*THE TASK*. Retype the data exactly, leaving nothing out.

*Items from a dataset*.
+ + + +

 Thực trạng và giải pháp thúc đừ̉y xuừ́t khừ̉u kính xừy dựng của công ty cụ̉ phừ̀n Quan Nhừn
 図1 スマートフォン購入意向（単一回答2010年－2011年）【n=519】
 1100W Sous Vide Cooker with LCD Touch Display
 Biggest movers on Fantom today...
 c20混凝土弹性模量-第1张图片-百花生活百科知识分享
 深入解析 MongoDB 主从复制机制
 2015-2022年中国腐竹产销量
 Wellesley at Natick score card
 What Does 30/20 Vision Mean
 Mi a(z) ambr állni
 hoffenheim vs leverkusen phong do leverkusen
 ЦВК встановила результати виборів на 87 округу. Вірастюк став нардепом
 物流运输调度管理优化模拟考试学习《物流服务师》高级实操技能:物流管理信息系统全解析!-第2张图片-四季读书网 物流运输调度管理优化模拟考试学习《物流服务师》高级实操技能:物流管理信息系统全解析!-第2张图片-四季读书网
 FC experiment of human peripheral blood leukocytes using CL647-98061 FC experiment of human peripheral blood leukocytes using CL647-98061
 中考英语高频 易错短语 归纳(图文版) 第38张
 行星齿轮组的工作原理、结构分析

+ + + +

*REPLY*.
 Thực trạng và giải pháp thúc đừ̉y xuừ́t khừ̉u kính xừy dựng của công ty cụ̉ phừ̀n Quan Nhừn
 図1 スマートフォン購入意向（単一回答2010年－2011年）【n=519】
 1100W Sous Vide Cooker with LCD Touch Display
 Biggest movers on Fantom today...
 c20混凝土弹性模量-第1张图片-百花生活百科知识分享
 深入解析 MongoDB 主从复制机制
 2015-2022年中国腐竹产销量
 Wellesley at Natick score card
 What Does 30/20 Vision Mean
 Mi a(z) ambr állni
 hoffenheim vs leverkusen phong do leverkusen
 ЦВК встановила результати виборів на 87 округу. Вірастюк став нардепом
 物流运输调度管理优化模拟考试学习《物流服务师》高级实操技能:物流管理信息系统全解析!-第2张图片-四季读书网 物流运输调度管理优化模拟考试学习《物流服务师》高级实操技能:物流管理信息系统全解析!-第2张图片-四季读书网
 FC experiment of human peripheral blood leukocytes using CL647-98061 FC experiment of human peripheral blood leukocytes using CL647-98061
 中考英语高频 易错短语 归纳(图文版) 第38张
 行星齿轮组的工作原理、结构分析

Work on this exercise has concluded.